While it’s people and their stories that move him to write songs, it took him a long while to get around to it. Carracino began his music life “playing bad John Prine covers,” as he put it, in local restaurants, hotel bars, and lounges. He performed for a handful of years before he suddenly quit playing live entirely.
“I just realized that I wasn’t going anywhere,” he said. “I had this recurring nightmare that I was going to be 65 years old and the manager of a Ramada Inn was going to say, ‘Your Social Security check came in, Theo,’ ” he added with a chuckle, “so I just quit and went to college.”
That’s when he earned his journalism degree from UTA. While his professional life turned from music to newspapers, he continued to play guitar, honing his intricate melody-driven style. On an acoustic, his playing recalls Prine, plus Leo Kottke or, more similarly, largely unsung ’70s folk stylist Nick Drake.
Technical, yet beautiful, fingerstyle guitar isn’t the only parallel to the English singer-songwriter. Like Drake, Carracino also suffered from horrible stage fright. Coupled with the perceived lack of advancement, it led to his turn from live performances. After toughing out a particularly anxious set in front of a crowd of more than 600, he hung it up and wouldn’t perform again for nearly 40 years.
Ironically, perhaps, it was beginning to compose his own material that finally helped him break through the fear and try his hand on stages again. In 2019, Carracino went to an open-mic at the now-defunct Shipping and Receiving Bar and performed in front of strangers for the first time in almost four decades.
“I just got this wild hair,” he said. “I don’t know any other way to describe it. I hadn’t performed in 38 years, but I felt confident about these songs, and I wanted to see what the reaction was. I wanted to see what people who didn’t know me thought of them.”
The material was well received, and he found it gave him a surety of his craft that helped him overcome his former shyness.
“What really gave me the confidence is when I started writing my own songs,” Carracino said. “I believed in them. These are my thoughts. These are my perceptions of someone I’m writing about. I didn’t have any stage fright [performing again] because I was doing my own material.”

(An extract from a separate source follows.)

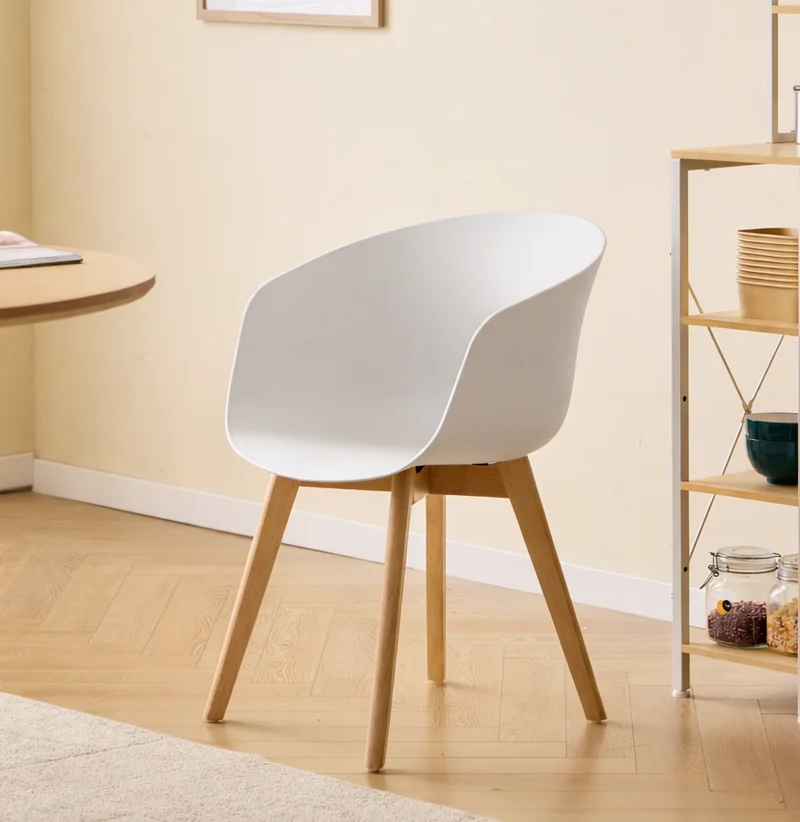 ALBORG - Lot de 4 chaises scandinaves en bois et polypropylène blanc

That initial open-mic opened a door to Carracino. There he met several other singer-songwriters. He was introduced to a whole music community, artists such as Jacob Furr, Jeff Gibbons, Hillary Tibbs, and Steve Obermiller, who all now consider Carracino a peer. His new contemporaries urged him to record the moving story-songs they saw him perform. Songs like “Margaret,” written about a resident in a rest home, or “Was My Son Not Enough” about the brutal mass shooting in Maine, or “The Damage Done,” a dark tale of addiction and the loss suffered by those affected by it.
Another encounter within the musical community led to Carracino finding an opportunity to actually document his songs for the first time. After attending the grand opening of Blackstone Recording Studios, new homebase for engineer Mark Randall (Eric Osbourne, Cameron Smith), Carracino received a voucher for half-off an afternoon recording session, which he eagerly cashed in. With Randall at the helm, Carracino tracked 13 of Dream’s 15 songs in February of last year, finishing the other two a couple months later.
As it always has with Carracino, it comes back to the people he’s met along the way.
“I owe a lot to many of the musicians I’ve met along the way over the last couple of years,” he said. “So many of them encouraged me to record these songs and get them out there, and I’m really pleased that I did.”